Slaying the dragon of net zero emissions

April 28, 2022
Used with permission from Alan Moir,

Queensland Nationals Senator Matt Canavan, a member of a party historically hostile to cutting fossil fuel emissions, has been, for the most part, at home. This was until his colleagues hammered out an understanding with their Liberal counterparts about a net zero emissions target by 2050.

This was only reached after much fuss prior to Prime Minister Scott Morrison’s attendance at the Glasgow climate change conference last year (COP26). Canavan was having none of it and expressed delight that, eventually, countries had agreed to “phase down” rather than “phase out” coal burning.

The COP26 communique was, according to Canavan, a “green light” for Australia to keep digging and “supply the world with more coal because that’s what brings people out of poverty”. There had “never been a higher demand” for coal, he said and Australia’s fossil fuel industry would be happy to feed it.

With a federal election campaign in full swing, Canavan has again attempted to slay the net zero emissions dragon, taking his lead from Colin Boyce, the Liberal National Party candidate for the seat of Flynn. Boyce suggested that the Coalition’s commitment to net zero allowed for some “wiggle room”.

On the ABC’s Afternoon Briefing on April 27, Canavan went one further in roundly proclaiming that “net zero is … dead.” He went on: “[British Prime Minister] Boris Johnson said he is pausing the net zero commitment, Germany is building coal and gas infrastructure, Italy’s reopening coal-fired power plants. It’s all over. It’s all over bar the shouting here.”

These remarks in an election campaign were deemed unwelcome by the higher-ups. “That’s his view, it’s no surprise, he’s held it for a long time, it’s been resolved and our policy was set out very clearly,” Morrison said.

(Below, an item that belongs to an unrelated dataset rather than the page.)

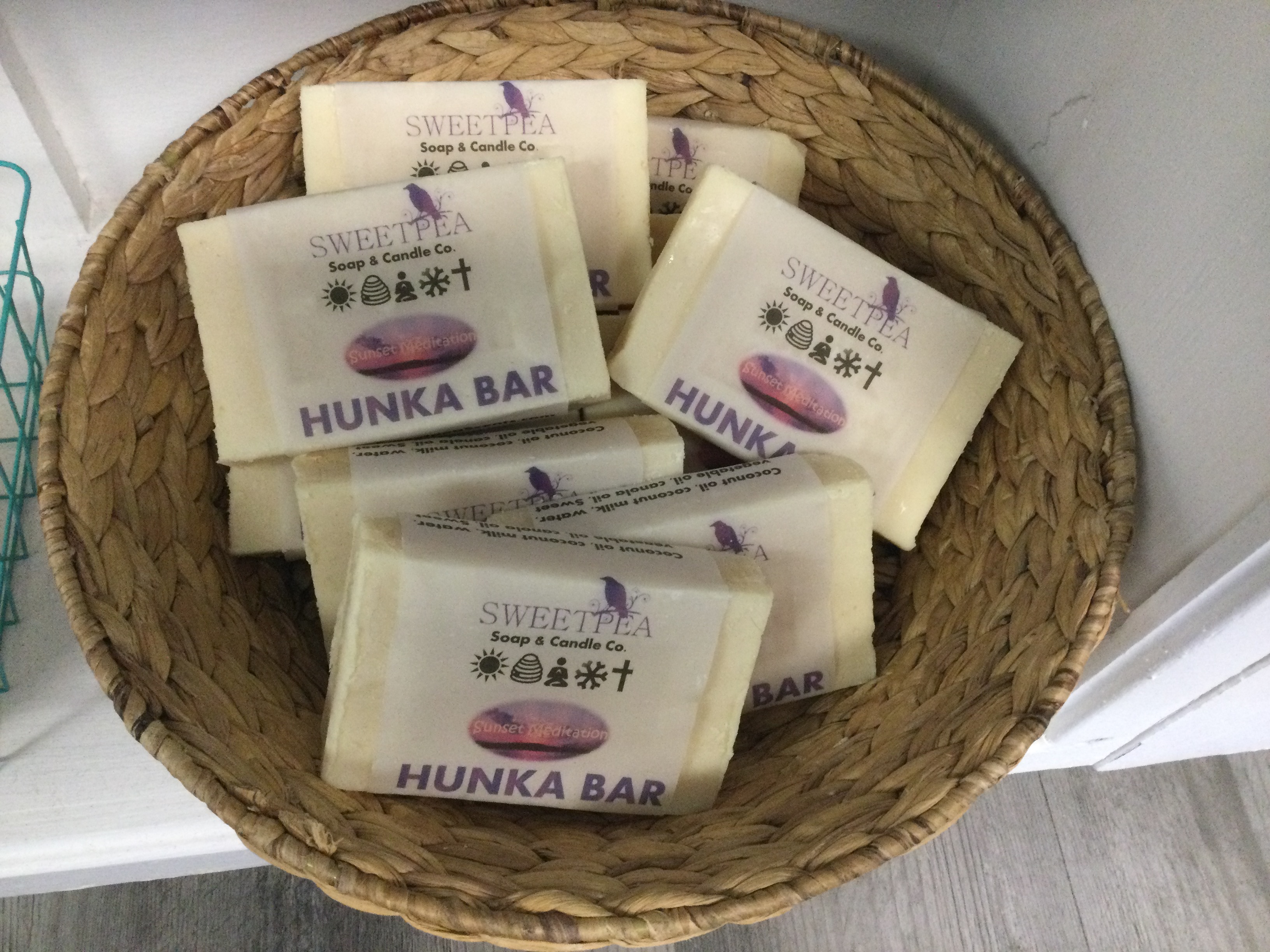 Hunka Bar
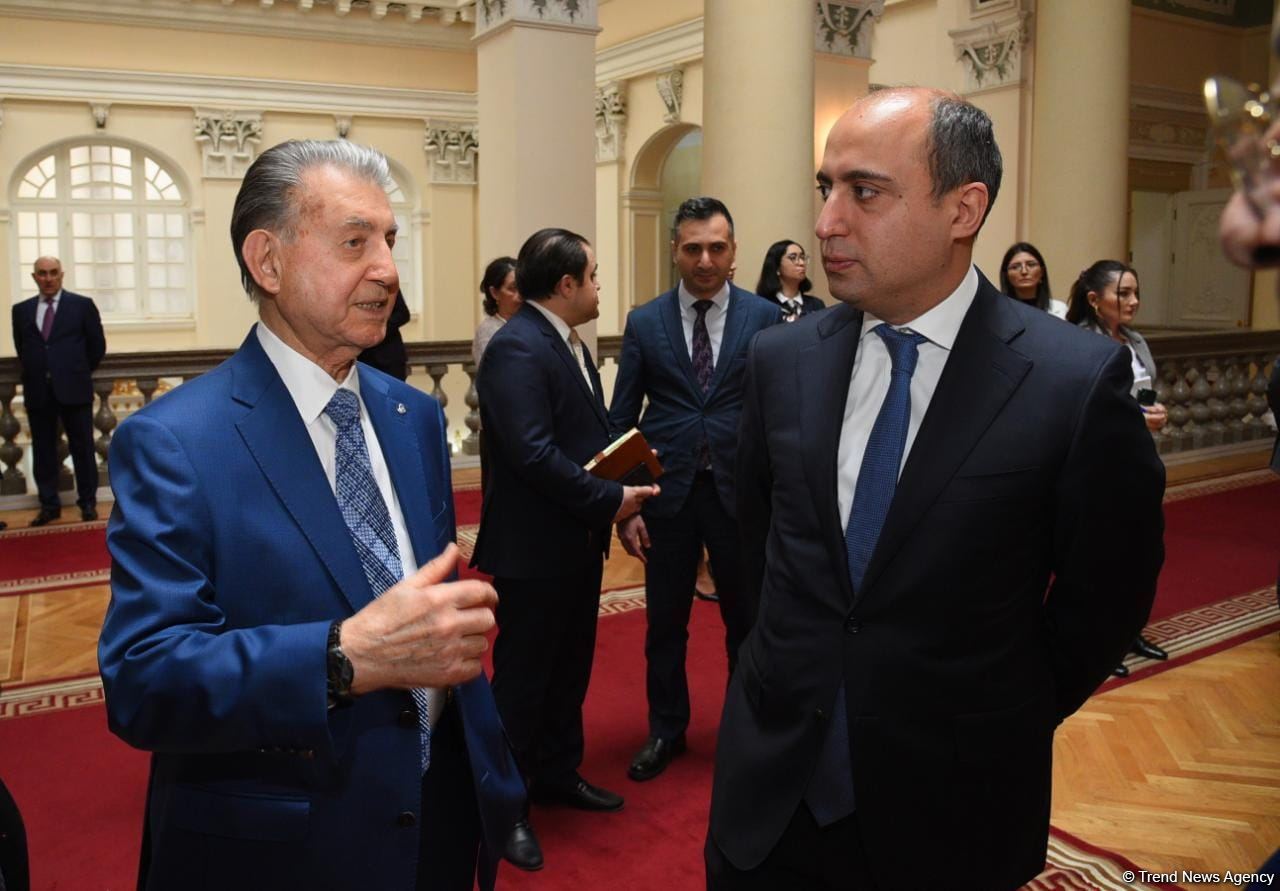 AMEA-nın Ümumi yığıncağı keçirilir (FOTO)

Given that farmers have been among hardest hit by climate-change induced extreme weather events, Nationals MP Michelle Landry told Canavan to pull his head in, Nationals MP Darren Chester suggested he had lost not only the argument but a sense of perspective. Former leader Michael McCormack said Canavan’s remarks were “not helpful”.

The Labor Party tried to ride this discordance in the Coalition, but is hampered by its own contradictions: in Dawson, in regional Queensland, Labor is giving preferences to the pro-fossil fuel United Australia Party and Katter’s Australian Party ahead of the Greens, whereas in the seat of Brisbane, it is giving the Greens at number 2.

Last year, Canavan, a former Minister for Resources and Northern Australia, tweeted photos of snow-filled scenes in regional New South Wales, mocking the science of global warming. He has described one of the Intergovernmental Panel on Climate Change report as “fear porn”, saying, “One of the IPCC authors was quoted as saying he hoped this report would scare people so it would help change their vote”.

The Senator champions the fossil fuel corporations, saying they should be cushioned from the predatory behaviour of banks which refuse to fork out finances for new mines. “Global banks that want to control who has a job in Australia should be locked out of our country.”

Canavan told an ABC Q&A program in 2020 that “Australian people have never voted for net zero emissions … We seem to try and get bullied into these positions that the Australian people didn’t vote for.”

He attacked the Paris climate agreement for “transferring industrial wealth from the west and from Australia to China, a country that’s bullying and threatening us.” The fact that Australia is happy to supply China with raw materials, notably iron ore, seems to have passed him by.

Unfortunately, Canavan is bound to win a fair share of votes. This comes down to a range of factors, not least that Labor is not campaigning for a job-rich transition plan to renewables, leaving those worried about their jobs in the fossil fuel industries to the mercy of the Coalition, the UAP and the Katters.